Factors Affecting the Melting Point of Diamond

The melting point of diamonds is determined by several of the following key conditions:

• Pressure: Diamonds, in order to retain their crystalline structure at high temperatures, need to be subjected to extremely high pressures. In the presence of atmospheric pressure, diamonds do not melt, rather, transform into graphite.
• Temperature: If there is a controlled amount of pressure, then diamonds can be melted at temperatures higher than 4,000 Kelvin (close to 6,740 °F).
• Purity of the diamond: Impurities contained within the diamond lattice may affect its melting behavior thus altering the temperature at which certain structural changes take place.

These reasons mark the remarkable stability of a diamond’s atomic structure and the extreme conditions needed for the melting of a diamond.

Can Lava Melt a Diamond?

Exploring Temperature and Pressure Conditions

The carbon atoms in a diamond are bonded together in a stable crystal lattice which makes diamonds extremely durable. That structure gives diamonds the ability to survive the most extreme conditions without succumbing to break down easily. When determining if something like lava can melt a diamond, one must consider the temperature and pressure conditions because diamonds are known to be incredibly hard and nearly impossible to melt.

Depending on the type, lava tends to have a temperature range between 1200 to 2200 degrees Fahrenheit, which is between 650 to 1200 degrees Celsius. While cycles of extreme heat exist, these temperatures are considerably lower than the melting point of a pure diamond, which is roughly 4,027 degrees C or 7,280 degrees F under normal barometric pressure. The bold temperature difference suggests that lava, in all its molten glory, does not stand a chance at melting diamonds in ordinary conditions.

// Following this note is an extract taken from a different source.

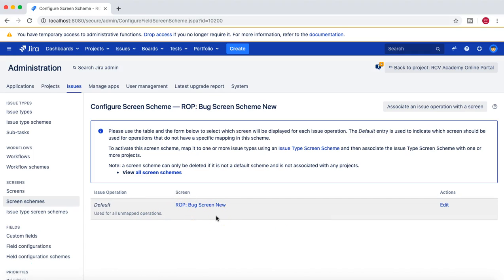I'll remove the separate operation mappings and keep one screen for all issue operations — Create, Edit, and View — to avoid confusion. I've noticed many times that people come back complaining: 'I created an issue and there were so many fields, but when I view it I can't find my field.' Unless it's critical information you specifically don't want shown after creation, just keep it as default. It all depends on the requirements coming from your project.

The melting point of diamonds is likely to be influenced by the high-pressure scenarios found deep within the earth’s mantle. There is most certainly strong pressure in areas like mantle plume regions, but that pressure needs to be accompanied by extreme temperature conditions in order for carbon-based materials to function properly. Still, even with these scenarios, studies suggest the conditions needed to melt diamonds are far beyond anything a volcanic site can naturally incur.

Therefore, the interplay between a diamond’s thermal stability and the relatively low temperature of lava guarantees that diamonds will not be damaged in these situations. This extraordinary material can only be melted under very high temperatures and pressure, which can only be artificially done, such as in laser cutting or in specialized industrial settings.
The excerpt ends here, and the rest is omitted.